L’épineuse question pour les offreurs est bien entendu celle de la rentabilité des services. Spotify ce n’est pas la Soupe Populaire et lorsque l’on donne, il faut bien un jour s’attendre à recevoir. Pour ce faire, une recette simple : celle du freemium. Il s’agit de proposer un service gratuit pendant une courte durée, et, si le consommateur est satisfait il peut passer à l’achat d’une version Premium. C’est avant tout une affaire de visibilité auprès d’une cible : parler de gratuité permet en effet de lever un certain frein psychologique et attirer plus facilement le consommateur.

Pour commencer, il faut amadouer sa proie en lui faisait miroiter une plateforme pouvant lui amener tout ce qu’il désire. Il est vrai qu’à première vue, écouter de manière illimitée 30 minutes de titres en échange de 30 secondes de pub semble peu cher payé. Une fois que le poisson a mordu à l’hameçon, il s’agit pour les entreprises de le conserver, donc de lui offrir ce qu’il ne trouvera nulle part ailleurs, et la différence se fait sur la qualité de l’expérience consommateur. En règle générale pour qualifier l’opération de succès, le taux de conversion doit atteindre les 25%, sans quoi on peut parler de flop marketing.

Ce modèle est si prometteur que même des géants du service de vente musicale comme Apple ont décidé de se lancer dans l’aventure : Apple Music propose à ses utilisateurs pour 9,99€ par mois, de pouvoir écouter de la musique en illimité, mais toujours avec une redirection sur sa plateforme d’achat, ITunes. Pas sur que l’offre soit suffisamment alléchante pour permettre d’éliminer la concurrence.

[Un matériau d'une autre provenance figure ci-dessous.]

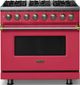 Viking® 5 Series 36" Valentine Pro Style Dual Fuel (NG) Range with Brushed Brass Trim-0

Ne soyez pas radin ! Partagez !

Moral notre consommateur 2.0 ? Peut être, mais il est avant tout fatigué, et son confort est pour lui inestimable. Exit les heures passées à chercher des liens pour télécharger illégalement le dernier titre ou dernier épisode de notre série favorite. Désormais un simple clic suffit, et c’est d’ailleurs l’argument de la facilité qui assure à ces entreprises de prospérer.

« Comme tout le monde par le passé, je me suis essayé au téléchargement de contenus en torrent, et puis en vieillissant je me suis responsabilisé, estimant qu’il n’était pas cohérent de demander des programmes de qualité et de ne pas rémunérer ceux qui les créent » témoigne un abonné à Netflix

Le formidable tour de passe-passe qu’ont réalisé les entreprises a été de culpabiliser les consommateurs, afin de pousser ces derniers à agir dans les règles et dans le respect des droits d’auteurs. Même si l’ADAMI, qui représente les artistes-interprètes en France a dénoncé la trop faible rémunération des artistes, qui ne touchent que 4,6% de la somme versée par l’internaute, les plateformes de streaming n’ont jamais connu une aussi grande fréquentation ! En juin dernier, Spotify a atteint le cap symbolique des 100 millions d’utilisateurs.

Même si à force d’ingurgiter des données, le consommateur ne soit pas forcément en mesure de les assimiler complètement, il convient tout de même de faire honneur à ses créateurs, question de respect.